If Eli Had a Hammer

Establishment mouthpieces in media and academia have been writing off mistrust of “elites” as kooky for years. Now that plague is running rampant we can all see the stakes. Who do you think will fare better than others surviving the present pandemic? Whether or not the least vulnerable came by their financial, and physical, seclusion honestly is boiling down to a grim question. What is the value of one human life over another? Just how does anyone go about making themselves “worth” more?
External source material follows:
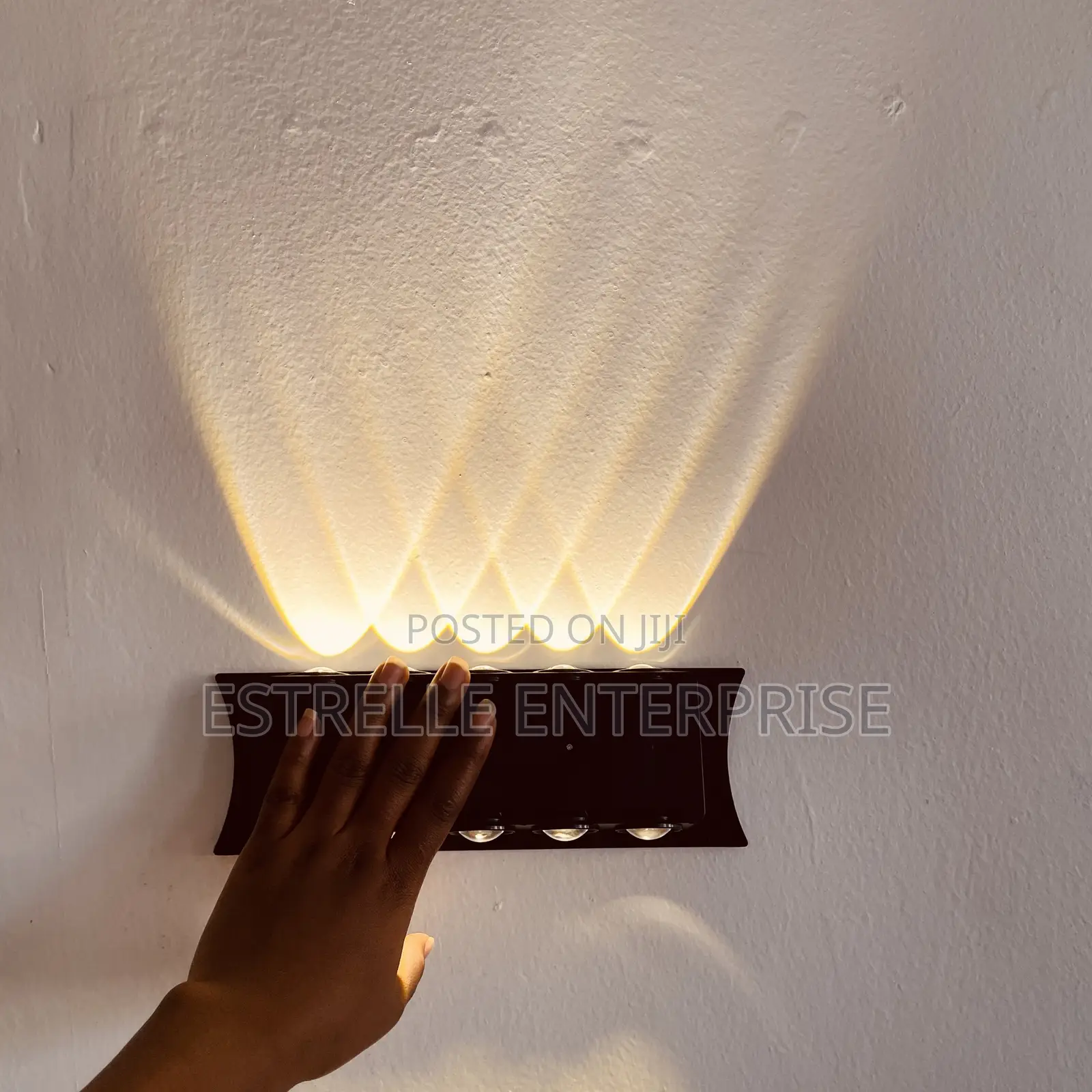 30W Solar LED Wall Lamp With Motion Sensor Wide Lighting Area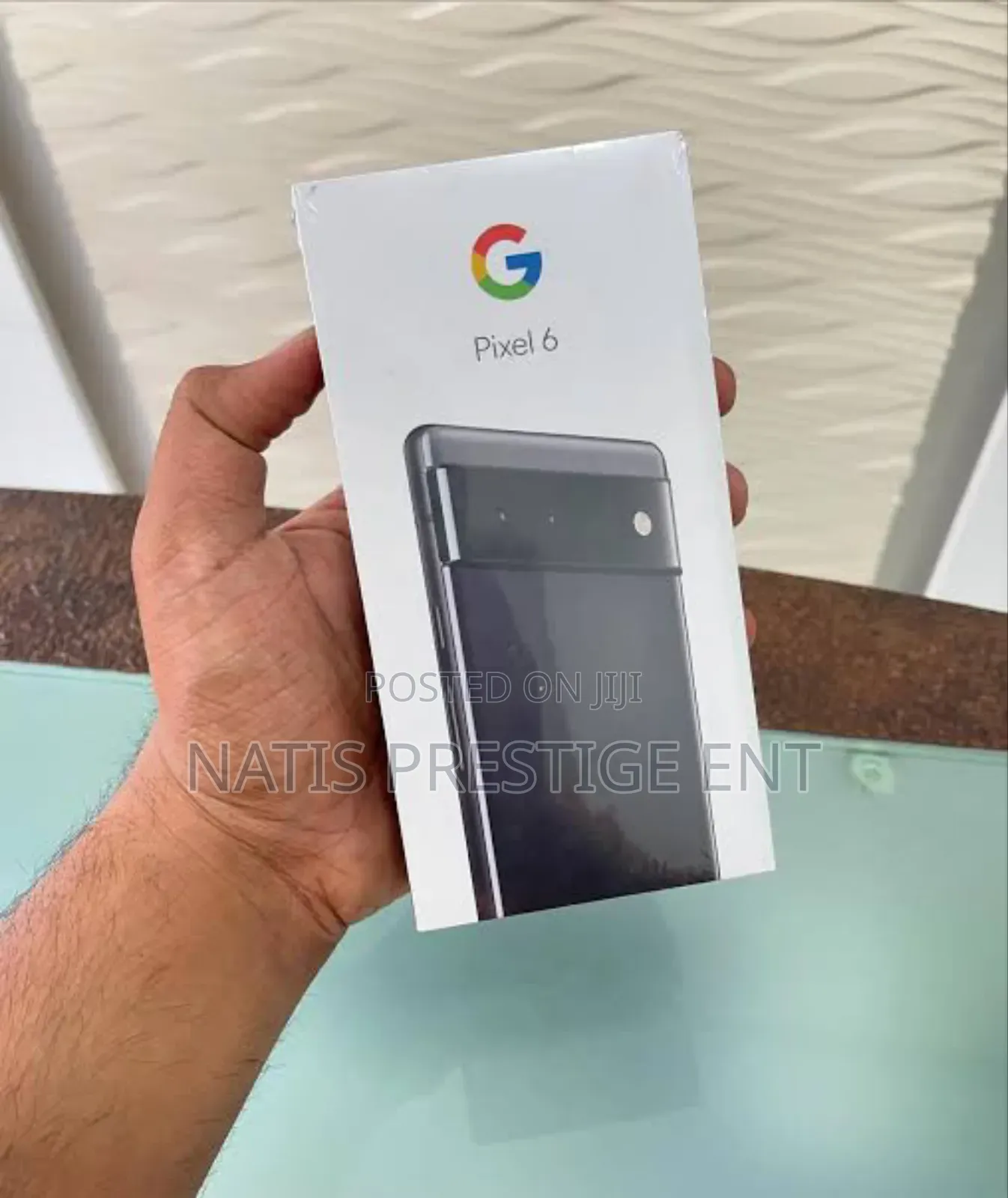 New Google Pixel 6 128 GB White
Fifteen years ago President Bush was taking heat for sluggish mismanagement of the catastrophe Hurricane Katrina left in its wake. The Mad-Men in charge of photo-ops at 1600 Penn were on it. The Air Force One crew was told to plot a course toward the ravaged bayous of Louisiana. Deep in crawdad country, Bush II was butted onto Jimmy Carter’s Habitat for Humanity bandwagon. The prez was hard-hatted, handed a framing hammer and set loose to work the two by fours and plywood… It turned out the image wonks had jumped the gun. W’s carpentry skills didn’t quite stack up to the homey, good-ole-boy role he flaunted. It was instantly clear the 59-year-old had never held a hand tool before. The PR lumps weren’t quite as vicious as the ones Dukakis got for riding in that tank, but the chief did not come out entirely unscathed.

Somebody in damage control could have shown him how to hold and swing a hammer. Why weren’t they using nail guns anyway? (Were they afraid he might impale himself?).  In any case, David Letterman wasted no time getting some yuks out of the spectacle. The camera revealed a POTUS even less adept in the mechanical realm than he was in the grammatical one. The big ears at headquarters must have heard the laughs coming from Late Night. The next day 43 was shown bareheaded, joining studs to the plate a little less awkwardly. Still, as the new improved press photo revealed, every single nail had already been started for the man. It’s a safe bet presidential assistance didn’t exactly speed up completion of the structure. Left of Bang: How the ... Patrick Van Horne, Jas... Best Price: $12.13 Buy New $14.63 (as of 08:15 UTC - Details)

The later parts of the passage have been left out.